Transistor devices are often designed to be tolerant of the high currents and voltages that are present in applications such as motion control, air bag deployment, and automotive fuel injector drivers. High voltage transistor devices may have a number of features customized to prevent breakdown resulting from the high electric fields arising from such high voltages. The potential for damage from high energy charge carriers increases with the higher operating voltages achieved as a result of the design features. The higher operating voltages lead to higher electric fields, which, in turn, increase the energy imparted to the charge carriers within the device. Device degradation often arises from the injection of high energy charge carriers, or hot carriers, into the gate oxide, an interlayer dielectric, or field oxide structure of the device. The resulting buildup of charge in the dielectrics from such hot carrier injection (HCI) leads to variations in operational characteristics, such as the threshold voltage or on-state current, and performance of the device, such as performance at high frequencies.
High voltage transistor devices are also susceptible to the generation of secondary charge carriers through impact ionization. In an n-channel transistor device, electrons may generate additional electron-hole pairs after being accelerated in a region having a high electric field, such as near the drain boundary. If a sufficient number of holes—the secondary charge carriers—are created to raise the potential of the body of the transistor device to an extent that the junction with the source is forward biased, activation of a parasitic npn bipolar transistor formed via the source (emitter), body (base), and drain (collector) regions of the transistor device can occur. Very large, damaging currents can result via the activation of the parasitic bipolar transistor, an operating condition referred to as “snapback.”

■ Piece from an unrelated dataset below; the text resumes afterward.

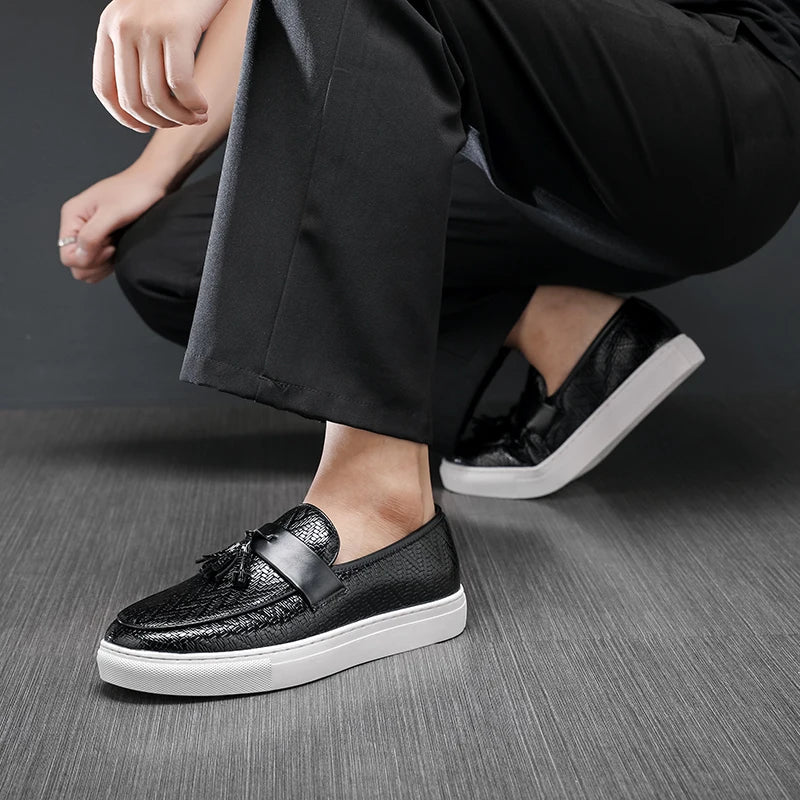 Marcelli Leather Loafers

High voltage devices are often characterized by a “safe operating area” (SOA) in which the operating current and voltage levels are below levels that would result in a snapback event. Attempts to remain within the safe operating area to avoid device destruction or other damage are often undesirably limiting factors for device operation and application.
Transistor devices are often merged with one another to achieve area savings. Merging transistor devices typically involves placement of the transistor devices within a common isolation ring. The merged transistor devices may thus share a common body. Unfortunately, conventional mergeable transistor device designs typically exhibit unacceptably HCI degradation and poor SOA. Conversely, many transistor devices designed for HCI immunity and good SOA are not mergeable.